▶ Input for this task
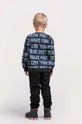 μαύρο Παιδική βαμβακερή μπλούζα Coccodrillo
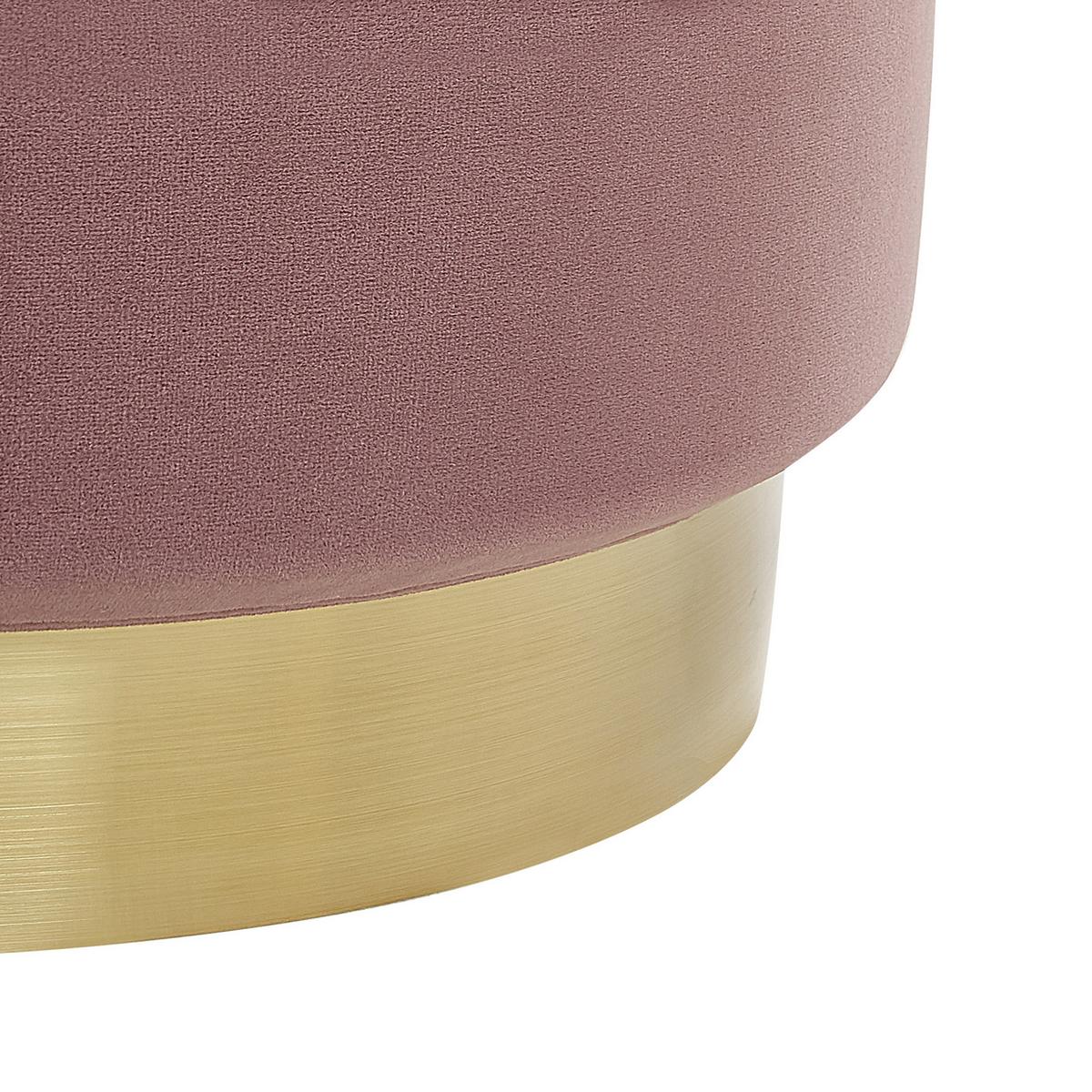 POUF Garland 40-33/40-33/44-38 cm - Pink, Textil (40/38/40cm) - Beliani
* * *
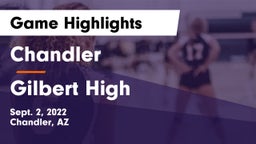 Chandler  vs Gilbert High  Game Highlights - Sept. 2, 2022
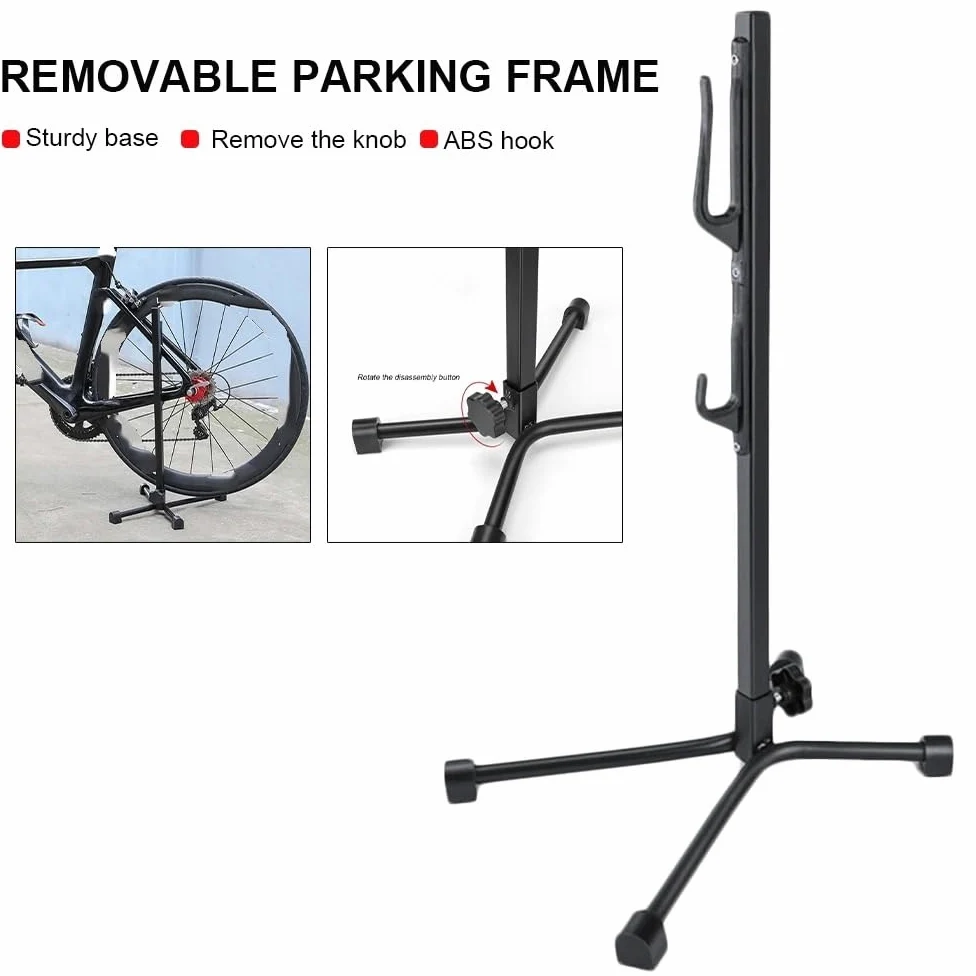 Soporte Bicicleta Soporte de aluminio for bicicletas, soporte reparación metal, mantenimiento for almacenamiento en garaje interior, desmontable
...
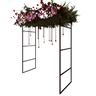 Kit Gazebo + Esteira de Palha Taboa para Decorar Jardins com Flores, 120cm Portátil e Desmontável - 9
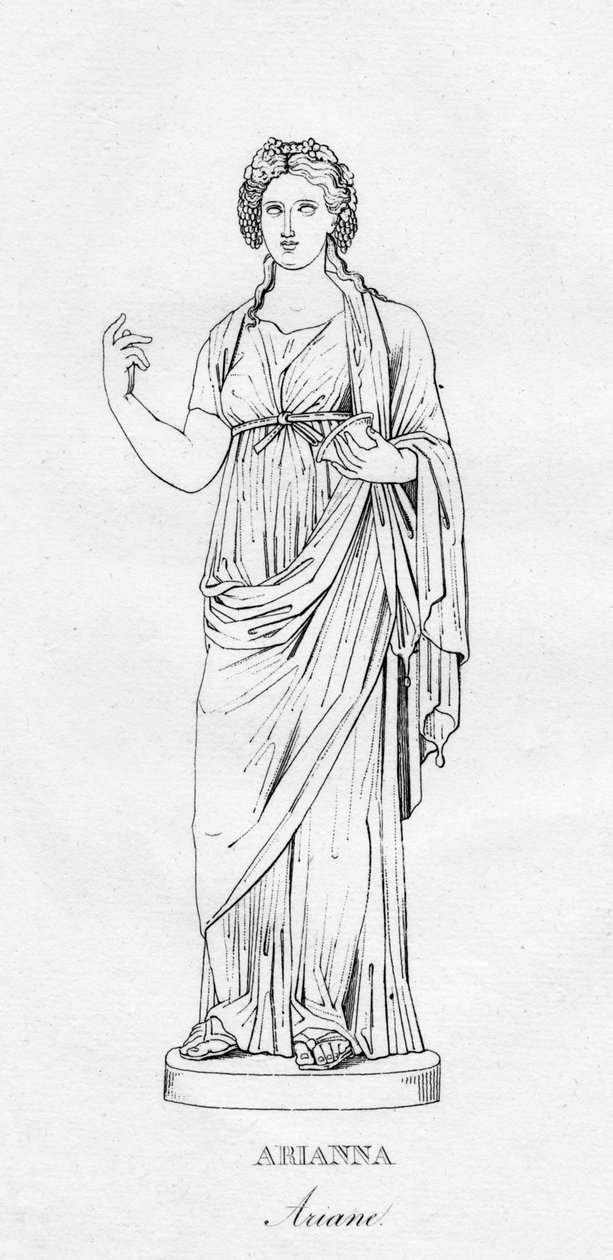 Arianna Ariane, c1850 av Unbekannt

▶ Your instructions
Transcribe, word for word, the stretch of lines in the data above from the one with "μαύρο Παιδική βαμβακερή μπλούζα Coccodrillo" through the one with "POUF Garland 40-33/40-33/44-38"; omit all pictures.

▶ Response for this exercise
 μαύρο Παιδική βαμβακερή μπλούζα Coccodrillo
 POUF Garland 40-33/40-33/44-38 cm - Pink, Textil (40/38/40cm) - Beliani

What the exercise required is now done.